- **ACTIVITY**: Restate the entries below in full, exactly as they read, but without pictures.

- **LISTED RECORDS**:
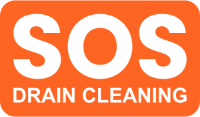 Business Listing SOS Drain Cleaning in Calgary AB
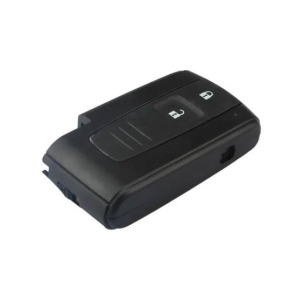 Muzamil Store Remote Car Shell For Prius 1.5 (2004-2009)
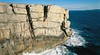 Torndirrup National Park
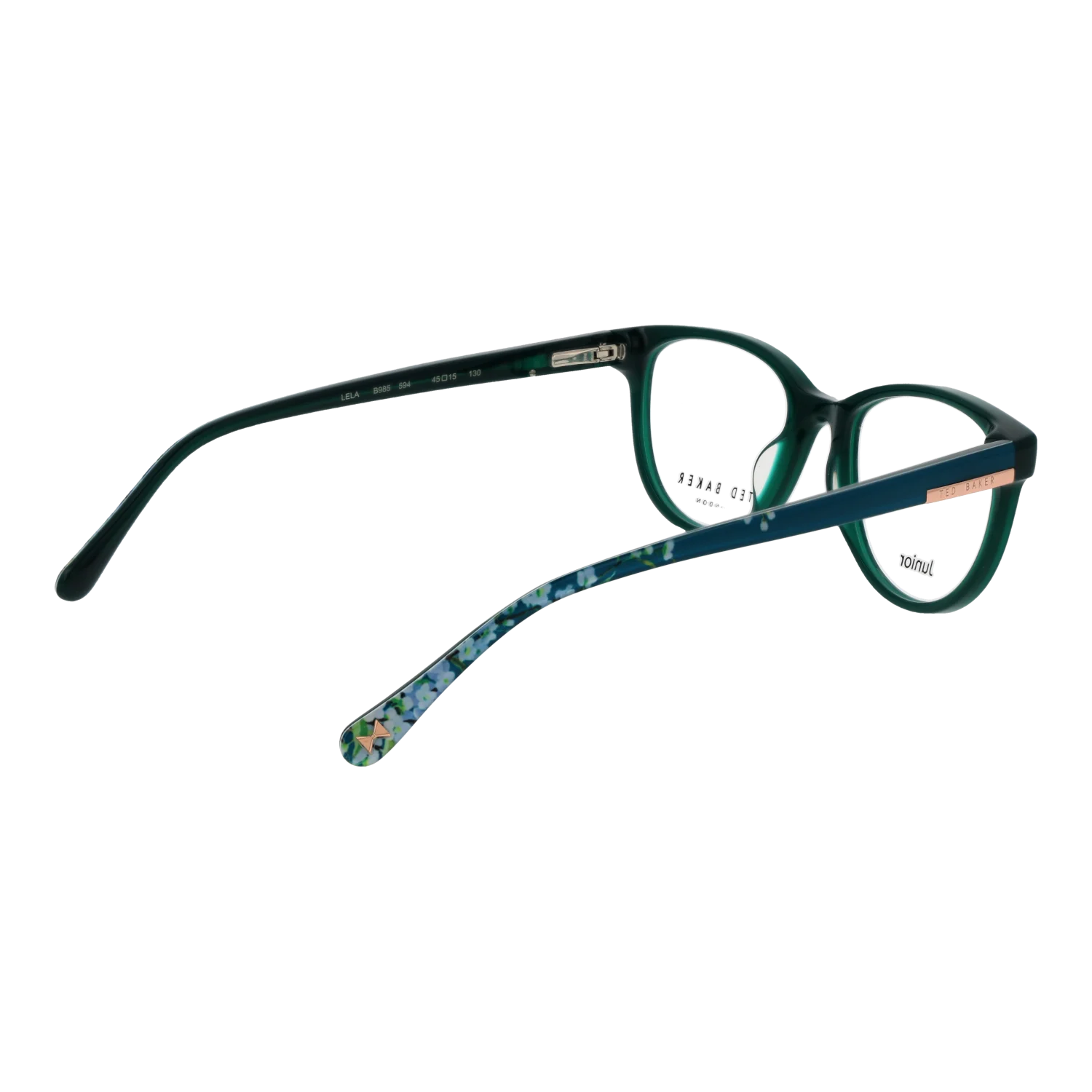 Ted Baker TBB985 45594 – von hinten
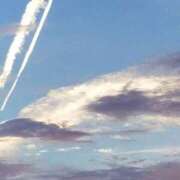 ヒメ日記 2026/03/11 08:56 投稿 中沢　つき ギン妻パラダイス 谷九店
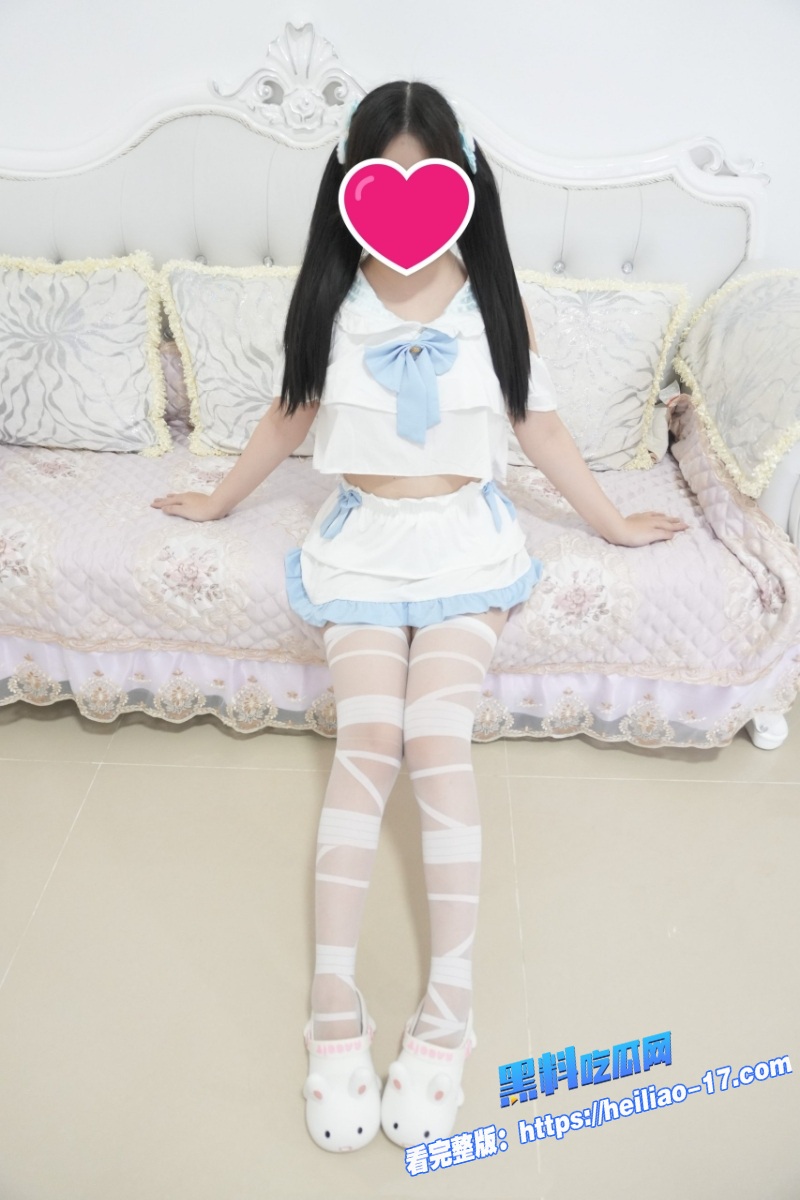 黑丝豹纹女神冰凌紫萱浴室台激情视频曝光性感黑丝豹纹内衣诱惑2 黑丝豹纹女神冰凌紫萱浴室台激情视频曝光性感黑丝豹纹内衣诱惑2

- **REPLY TO THE EXERCISE**:
 Business Listing SOS Drain Cleaning in Calgary AB
 Muzamil Store Remote Car Shell For Prius 1.5 (2004-2009)
 Torndirrup National Park
 Ted Baker TBB985 45594 – von hinten
 ヒメ日記 2026/03/11 08:56 投稿 中沢　つき ギン妻パラダイス 谷九店
 黑丝豹纹女神冰凌紫萱浴室台激情视频曝光性感黑丝豹纹内衣诱惑2 黑丝豹纹女神冰凌紫萱浴室台激情视频曝光性感黑丝豹纹内衣诱惑2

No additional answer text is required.